I got tired of the fight keeping an NFS mount happy because it often 
wasn't.  Exact same hardware but sshfs is a breath of fresh air as it 
Just Works. Every time!

So thats what I'll setup as data & gcode storage once I am in a position 
of needing it. The configs tree, once running, won't be edited very 
often so it could live on the u-SD.  Or should I just point the sshfs 
link at a Pi-LCNC located on my home net, maybe even on this machine as 
its not drive space crowded.  And that would be backed up by amanda 
every night.  I like that.  I could take the 60Gb SSD out of the Dell I 
am playing with now IF the Orange Pi has a sata, but I'm not sure it has 
a sata.  Its been shipped but no clue where it is.

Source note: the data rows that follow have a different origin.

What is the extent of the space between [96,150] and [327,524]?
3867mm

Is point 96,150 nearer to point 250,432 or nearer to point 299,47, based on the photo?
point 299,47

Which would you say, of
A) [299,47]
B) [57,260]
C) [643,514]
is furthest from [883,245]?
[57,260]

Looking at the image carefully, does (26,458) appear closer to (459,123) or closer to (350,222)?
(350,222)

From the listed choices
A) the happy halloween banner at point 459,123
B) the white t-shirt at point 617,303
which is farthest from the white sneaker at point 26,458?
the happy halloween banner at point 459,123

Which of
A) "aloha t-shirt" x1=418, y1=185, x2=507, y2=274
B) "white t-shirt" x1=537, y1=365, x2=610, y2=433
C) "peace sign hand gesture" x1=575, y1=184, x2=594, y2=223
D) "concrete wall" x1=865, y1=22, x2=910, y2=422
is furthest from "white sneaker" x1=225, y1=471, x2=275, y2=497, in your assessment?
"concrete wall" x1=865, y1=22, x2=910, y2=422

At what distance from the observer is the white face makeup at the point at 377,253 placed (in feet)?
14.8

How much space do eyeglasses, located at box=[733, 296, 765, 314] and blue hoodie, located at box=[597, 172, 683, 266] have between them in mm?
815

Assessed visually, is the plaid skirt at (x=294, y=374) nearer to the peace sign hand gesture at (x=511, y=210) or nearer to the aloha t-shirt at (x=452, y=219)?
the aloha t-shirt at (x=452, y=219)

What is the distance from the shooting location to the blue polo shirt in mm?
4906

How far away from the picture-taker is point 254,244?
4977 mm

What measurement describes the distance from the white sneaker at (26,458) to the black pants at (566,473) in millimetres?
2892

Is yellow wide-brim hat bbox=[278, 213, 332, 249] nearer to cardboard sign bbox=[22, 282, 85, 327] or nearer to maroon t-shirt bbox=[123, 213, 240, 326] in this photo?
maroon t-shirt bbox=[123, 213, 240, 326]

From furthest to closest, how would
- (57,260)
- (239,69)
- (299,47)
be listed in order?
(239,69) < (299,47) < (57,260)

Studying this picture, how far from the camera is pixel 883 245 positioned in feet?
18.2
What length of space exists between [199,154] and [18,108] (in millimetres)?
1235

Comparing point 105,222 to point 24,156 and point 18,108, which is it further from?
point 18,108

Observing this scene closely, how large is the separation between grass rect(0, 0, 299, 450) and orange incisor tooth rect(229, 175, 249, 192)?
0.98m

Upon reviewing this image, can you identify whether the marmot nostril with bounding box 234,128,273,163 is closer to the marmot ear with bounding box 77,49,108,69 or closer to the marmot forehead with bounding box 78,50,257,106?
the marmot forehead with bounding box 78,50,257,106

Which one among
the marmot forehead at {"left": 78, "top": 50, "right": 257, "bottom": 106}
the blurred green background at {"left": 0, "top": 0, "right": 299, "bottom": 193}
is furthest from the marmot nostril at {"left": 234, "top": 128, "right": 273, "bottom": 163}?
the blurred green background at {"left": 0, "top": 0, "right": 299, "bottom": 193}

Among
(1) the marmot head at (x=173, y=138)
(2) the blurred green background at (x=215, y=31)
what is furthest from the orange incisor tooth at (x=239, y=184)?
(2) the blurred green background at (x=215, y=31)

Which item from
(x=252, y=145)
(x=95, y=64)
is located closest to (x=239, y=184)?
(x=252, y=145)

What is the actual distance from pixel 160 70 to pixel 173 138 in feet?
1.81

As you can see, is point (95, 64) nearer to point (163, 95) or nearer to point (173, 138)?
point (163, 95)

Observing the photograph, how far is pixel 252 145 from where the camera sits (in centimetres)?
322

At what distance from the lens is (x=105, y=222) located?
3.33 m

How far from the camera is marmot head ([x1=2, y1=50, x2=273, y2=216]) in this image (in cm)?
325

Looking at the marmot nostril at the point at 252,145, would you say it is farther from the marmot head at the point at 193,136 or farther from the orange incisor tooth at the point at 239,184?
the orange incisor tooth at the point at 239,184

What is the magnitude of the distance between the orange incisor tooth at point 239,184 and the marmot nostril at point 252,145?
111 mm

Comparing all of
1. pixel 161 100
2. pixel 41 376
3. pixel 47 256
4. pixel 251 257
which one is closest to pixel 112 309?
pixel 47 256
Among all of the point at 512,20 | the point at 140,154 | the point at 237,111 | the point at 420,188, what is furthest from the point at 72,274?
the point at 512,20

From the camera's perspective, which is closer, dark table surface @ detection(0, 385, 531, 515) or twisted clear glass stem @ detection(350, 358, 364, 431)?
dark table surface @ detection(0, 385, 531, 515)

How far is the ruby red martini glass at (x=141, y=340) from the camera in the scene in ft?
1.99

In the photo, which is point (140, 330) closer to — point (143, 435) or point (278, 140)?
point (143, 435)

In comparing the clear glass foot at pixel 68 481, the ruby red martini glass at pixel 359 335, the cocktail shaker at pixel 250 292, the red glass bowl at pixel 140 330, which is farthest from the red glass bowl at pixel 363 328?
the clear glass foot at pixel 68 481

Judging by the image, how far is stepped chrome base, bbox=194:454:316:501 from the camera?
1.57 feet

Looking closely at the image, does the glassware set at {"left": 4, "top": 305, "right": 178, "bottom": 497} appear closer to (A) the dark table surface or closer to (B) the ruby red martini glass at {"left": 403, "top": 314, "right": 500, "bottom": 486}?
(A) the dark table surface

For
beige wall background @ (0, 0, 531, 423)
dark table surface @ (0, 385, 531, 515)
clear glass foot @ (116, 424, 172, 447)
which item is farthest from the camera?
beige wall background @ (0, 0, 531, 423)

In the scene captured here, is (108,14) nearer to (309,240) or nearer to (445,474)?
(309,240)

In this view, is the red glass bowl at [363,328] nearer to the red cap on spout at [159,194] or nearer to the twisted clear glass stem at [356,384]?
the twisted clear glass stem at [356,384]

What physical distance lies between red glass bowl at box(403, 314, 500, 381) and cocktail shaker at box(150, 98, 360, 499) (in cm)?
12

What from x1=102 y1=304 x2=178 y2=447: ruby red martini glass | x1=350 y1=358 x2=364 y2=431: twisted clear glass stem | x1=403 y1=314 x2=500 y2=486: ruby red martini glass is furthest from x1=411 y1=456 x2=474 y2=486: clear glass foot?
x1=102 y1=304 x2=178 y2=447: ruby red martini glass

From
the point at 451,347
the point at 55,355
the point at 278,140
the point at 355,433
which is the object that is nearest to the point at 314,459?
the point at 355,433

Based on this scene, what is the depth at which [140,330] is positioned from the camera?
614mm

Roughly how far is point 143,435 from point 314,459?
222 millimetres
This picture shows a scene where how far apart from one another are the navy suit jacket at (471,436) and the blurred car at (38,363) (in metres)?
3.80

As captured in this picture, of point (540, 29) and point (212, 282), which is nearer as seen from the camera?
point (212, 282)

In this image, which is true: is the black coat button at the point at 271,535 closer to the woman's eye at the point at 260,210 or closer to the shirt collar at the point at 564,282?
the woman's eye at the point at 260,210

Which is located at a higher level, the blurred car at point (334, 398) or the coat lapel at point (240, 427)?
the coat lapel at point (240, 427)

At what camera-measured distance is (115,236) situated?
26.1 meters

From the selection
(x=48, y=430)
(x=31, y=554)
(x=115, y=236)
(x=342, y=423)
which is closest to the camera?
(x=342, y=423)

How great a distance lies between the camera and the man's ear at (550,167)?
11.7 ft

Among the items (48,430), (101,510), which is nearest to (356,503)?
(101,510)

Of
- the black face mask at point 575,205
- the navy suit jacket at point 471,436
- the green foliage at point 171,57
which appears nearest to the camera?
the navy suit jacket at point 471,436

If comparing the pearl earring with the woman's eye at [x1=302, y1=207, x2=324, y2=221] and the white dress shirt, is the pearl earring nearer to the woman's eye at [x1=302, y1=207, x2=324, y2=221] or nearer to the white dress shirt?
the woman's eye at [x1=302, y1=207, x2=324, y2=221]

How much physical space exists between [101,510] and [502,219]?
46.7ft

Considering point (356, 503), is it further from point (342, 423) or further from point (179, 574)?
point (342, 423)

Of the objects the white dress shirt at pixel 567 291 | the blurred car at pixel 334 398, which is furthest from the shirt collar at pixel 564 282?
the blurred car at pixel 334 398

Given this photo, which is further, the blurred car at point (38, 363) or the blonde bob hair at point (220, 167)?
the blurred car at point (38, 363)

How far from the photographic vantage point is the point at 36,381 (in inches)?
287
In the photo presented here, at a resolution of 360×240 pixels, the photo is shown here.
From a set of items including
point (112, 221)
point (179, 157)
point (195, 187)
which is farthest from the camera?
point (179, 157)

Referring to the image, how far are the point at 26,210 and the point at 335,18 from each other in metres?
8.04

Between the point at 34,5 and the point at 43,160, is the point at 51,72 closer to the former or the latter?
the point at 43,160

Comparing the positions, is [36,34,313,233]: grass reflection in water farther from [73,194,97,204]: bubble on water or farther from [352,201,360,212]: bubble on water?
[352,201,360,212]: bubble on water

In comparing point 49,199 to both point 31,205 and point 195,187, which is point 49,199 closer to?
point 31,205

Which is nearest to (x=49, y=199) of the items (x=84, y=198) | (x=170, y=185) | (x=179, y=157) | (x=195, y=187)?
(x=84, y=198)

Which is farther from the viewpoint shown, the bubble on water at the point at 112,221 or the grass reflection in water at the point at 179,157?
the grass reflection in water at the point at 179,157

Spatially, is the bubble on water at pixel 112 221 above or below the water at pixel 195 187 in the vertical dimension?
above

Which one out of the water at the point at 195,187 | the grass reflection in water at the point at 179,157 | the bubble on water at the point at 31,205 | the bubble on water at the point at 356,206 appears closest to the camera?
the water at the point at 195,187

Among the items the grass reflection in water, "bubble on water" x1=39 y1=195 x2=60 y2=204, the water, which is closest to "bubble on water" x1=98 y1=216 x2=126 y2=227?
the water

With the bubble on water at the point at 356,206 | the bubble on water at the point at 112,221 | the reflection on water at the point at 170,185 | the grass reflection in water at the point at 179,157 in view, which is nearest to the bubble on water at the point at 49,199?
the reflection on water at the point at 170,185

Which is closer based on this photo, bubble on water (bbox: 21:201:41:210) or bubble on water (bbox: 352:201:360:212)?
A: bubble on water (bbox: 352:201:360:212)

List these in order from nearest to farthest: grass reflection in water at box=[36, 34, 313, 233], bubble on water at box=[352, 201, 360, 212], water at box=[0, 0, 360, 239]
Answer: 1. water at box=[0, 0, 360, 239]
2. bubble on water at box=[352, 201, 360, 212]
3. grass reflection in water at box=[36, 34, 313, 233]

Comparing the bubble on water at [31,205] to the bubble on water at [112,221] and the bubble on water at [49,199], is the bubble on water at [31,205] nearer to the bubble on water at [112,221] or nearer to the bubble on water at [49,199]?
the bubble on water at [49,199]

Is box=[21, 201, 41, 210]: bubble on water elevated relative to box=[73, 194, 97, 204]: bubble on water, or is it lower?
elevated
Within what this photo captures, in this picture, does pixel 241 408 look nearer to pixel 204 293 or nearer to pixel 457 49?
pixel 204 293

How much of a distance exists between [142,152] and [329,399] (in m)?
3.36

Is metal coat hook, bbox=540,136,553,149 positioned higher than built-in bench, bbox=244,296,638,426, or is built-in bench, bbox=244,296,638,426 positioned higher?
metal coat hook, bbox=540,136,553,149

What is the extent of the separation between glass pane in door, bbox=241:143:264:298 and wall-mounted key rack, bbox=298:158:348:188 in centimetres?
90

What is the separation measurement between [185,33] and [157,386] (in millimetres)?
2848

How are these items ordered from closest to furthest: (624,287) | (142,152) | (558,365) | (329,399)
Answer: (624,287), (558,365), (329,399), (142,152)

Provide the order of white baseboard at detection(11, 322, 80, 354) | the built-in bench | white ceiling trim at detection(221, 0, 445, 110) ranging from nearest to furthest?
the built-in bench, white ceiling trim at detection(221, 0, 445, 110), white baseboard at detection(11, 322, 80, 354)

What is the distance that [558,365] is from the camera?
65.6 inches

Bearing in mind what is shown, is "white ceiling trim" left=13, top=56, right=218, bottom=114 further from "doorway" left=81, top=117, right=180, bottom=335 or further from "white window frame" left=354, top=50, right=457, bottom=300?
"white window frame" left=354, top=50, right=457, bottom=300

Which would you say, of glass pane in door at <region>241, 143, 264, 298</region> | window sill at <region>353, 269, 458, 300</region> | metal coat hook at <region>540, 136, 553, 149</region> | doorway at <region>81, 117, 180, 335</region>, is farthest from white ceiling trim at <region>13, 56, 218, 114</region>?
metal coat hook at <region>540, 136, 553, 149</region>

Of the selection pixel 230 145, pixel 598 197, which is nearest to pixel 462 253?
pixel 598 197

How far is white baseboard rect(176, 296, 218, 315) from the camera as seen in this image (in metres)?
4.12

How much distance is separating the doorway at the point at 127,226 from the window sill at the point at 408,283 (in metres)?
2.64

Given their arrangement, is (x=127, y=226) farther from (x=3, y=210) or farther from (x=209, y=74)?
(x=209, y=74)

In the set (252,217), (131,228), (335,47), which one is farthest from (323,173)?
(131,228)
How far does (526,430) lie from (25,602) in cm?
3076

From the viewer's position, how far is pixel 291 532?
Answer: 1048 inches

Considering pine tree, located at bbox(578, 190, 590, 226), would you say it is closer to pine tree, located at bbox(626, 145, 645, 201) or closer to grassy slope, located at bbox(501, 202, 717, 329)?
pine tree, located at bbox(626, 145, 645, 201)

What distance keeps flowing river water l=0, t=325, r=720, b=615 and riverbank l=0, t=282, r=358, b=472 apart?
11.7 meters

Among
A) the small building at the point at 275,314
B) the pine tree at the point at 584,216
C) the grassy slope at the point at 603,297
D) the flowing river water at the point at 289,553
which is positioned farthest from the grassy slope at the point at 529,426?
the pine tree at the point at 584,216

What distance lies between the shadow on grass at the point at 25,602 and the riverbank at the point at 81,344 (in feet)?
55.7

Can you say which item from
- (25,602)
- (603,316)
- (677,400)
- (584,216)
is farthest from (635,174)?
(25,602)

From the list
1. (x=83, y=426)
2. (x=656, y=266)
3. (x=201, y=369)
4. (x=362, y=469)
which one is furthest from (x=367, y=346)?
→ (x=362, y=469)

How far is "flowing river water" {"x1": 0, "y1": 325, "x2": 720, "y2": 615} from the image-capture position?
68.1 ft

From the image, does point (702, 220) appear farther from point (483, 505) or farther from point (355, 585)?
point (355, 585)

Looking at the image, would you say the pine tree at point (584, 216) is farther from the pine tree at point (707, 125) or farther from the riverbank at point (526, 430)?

I have 2 reasons for doing this, first being that its so small it will 
all fit on the door of the motor driver box, which s/b swarf proof.  2nd 
of course is that I'd like to learn something about this shirt pocket 
sized magic, and with the 7i90HD at just a few shekels over $60 shipped, 
cheap enough that I can "play with it".

Speaking of playing, I still haven't a clue how fast I can ask this motor 
to spin.  I set the max hz to 150=4500 revs, and left it spinning for 
about 45 minutes, watching the temps & listening for unusual noises.  
The rear bearing warmed up about 10F, but dropped back to about 7F after 
I picked up a hammer and pecked on the rear bearings socket in the end 
bell, but other than a rather pronounced siren-like howl from the fan 
blades, and a just detectable out of balance rotor, also worse at the 
rear, it sat there and ran like it could do it for 50 years.  And its at 
least 40 yo already, out in the weather from the looks of the paint.

Once in a blue moon I might come across a good deal. I did not expect the 
torch to cut bolts would come out and go to work when I offered him a 
$50 bill for both of them. But it did, like he was hungry. :)  My once 
in a blue moon for this year.

Thank you, Charles.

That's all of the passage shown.